12.08.2007

Dry Season

The rainy season has ended now. The mornings dawn bright, clear, crisp, and cold. Some days the clouds and fog never come, and glorious high altitude sunsets give way to a carpet of twilight stars. The cornfields are browning, the leaves burned by frost, the ears drying in the endless breeze. Children fly colorful paper kites, often entangling them in trees and power lines. The kites bounce in the wind, snarled in place and flyerless. The political propaganda of the election season has been painted over; Álvaro Colóm, a self-declared social democrat with reported links to organized crime and narcotrafficking, beat an ex-general in the second round. Feria, or town fair, will begin this week.
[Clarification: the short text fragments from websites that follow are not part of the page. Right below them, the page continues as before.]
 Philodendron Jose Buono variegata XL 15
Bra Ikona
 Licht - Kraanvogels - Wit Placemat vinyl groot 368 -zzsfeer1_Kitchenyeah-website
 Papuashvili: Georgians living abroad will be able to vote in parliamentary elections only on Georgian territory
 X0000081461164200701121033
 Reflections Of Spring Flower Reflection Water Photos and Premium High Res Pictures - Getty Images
Small mechanical rides have been rolling in on trailers, and are being set up in a dusty lot in front of the central plaza. The men that arrived with them suggest to me that carnies are a seedy breed regardless of nationality. Feria promises to offer more than just the rides…Marimba orchestras, bull fighting, dances, bicycle racing, a rock concert, arcade games, and an impressive show of public drunkenness are all on the docket.
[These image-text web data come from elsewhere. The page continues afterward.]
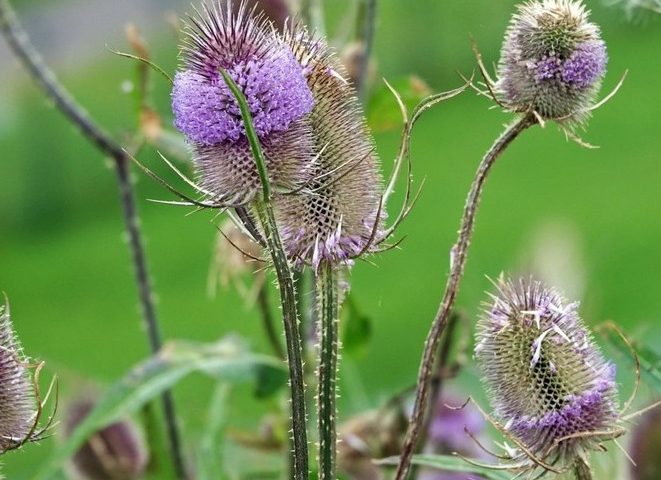 Dipsacus fullonum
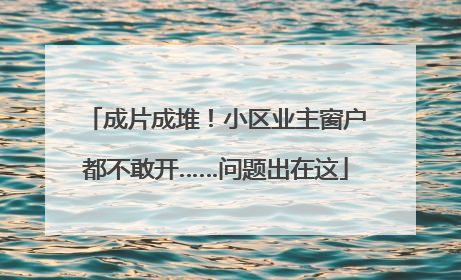 成片成堆！小区业主窗户都不敢开……问题出在这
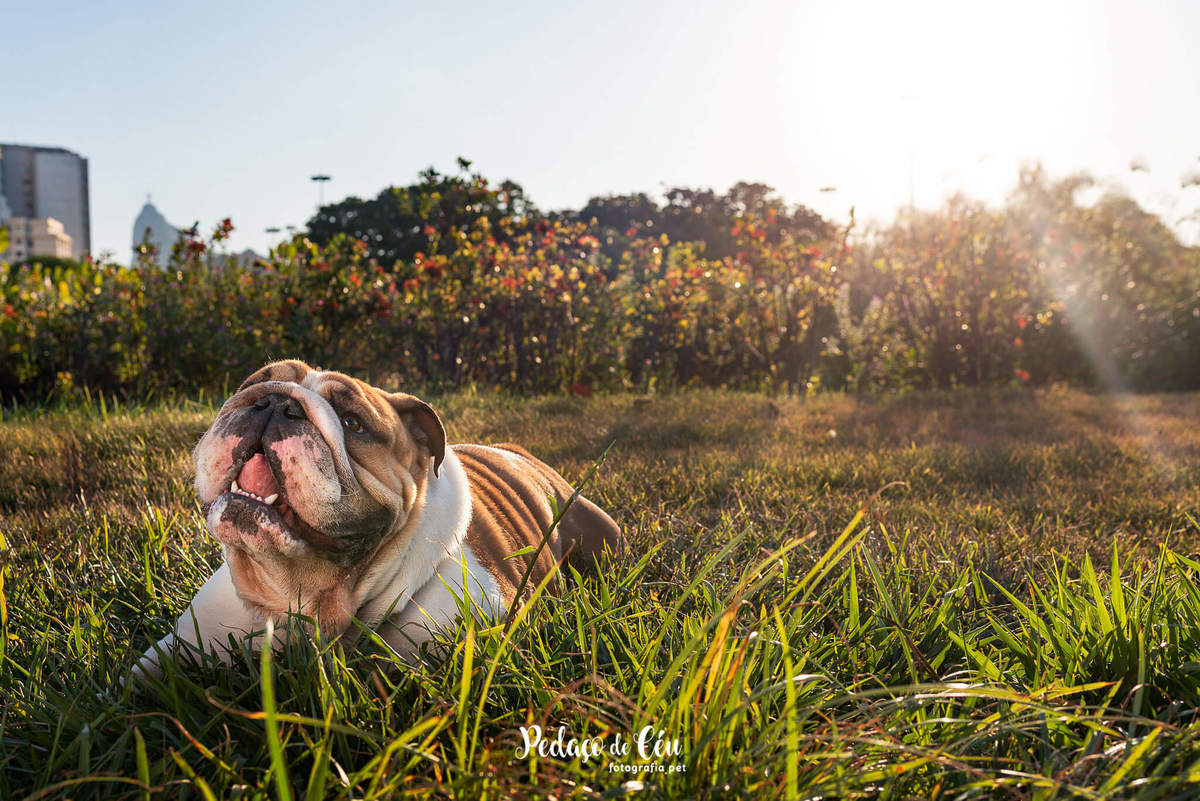 Ensaio pet bulldog Aterro do Flamengo Rio de Janeiro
What have I been up to recently? First of all, after the end of the school year last month I went to the island of Oahu in Hawaii to be a part of my brother Peter’s wedding. A man from Maine married a woman from Alaska on a beautiful tropical beach. I am grateful that I could be there among friends and family new and old, and returned to Guatemala excited for new work opportunities. Unfortunately a series of workshops on disaster preparedness that I had planned with communities affected by landslides never materialized, and I have spent the bulk of this month trying in vain to make it happen. Apparently, what with feria, the corn harvest and the approach of the Christmas holiday, it is not the ideal season for community organizing around here. After a couple of frustrating weeks I have accepted this and am now devoting myself to preparations for 2008, my seemingly futile studies of the K’iche language, tickling young children until they nearly soil themselves, teaching friends how to cook and bake new dishes, and all the other vital functions of the de facto cultural ambassador of the United States in Nueva Santa Catarina Ixtahuacán.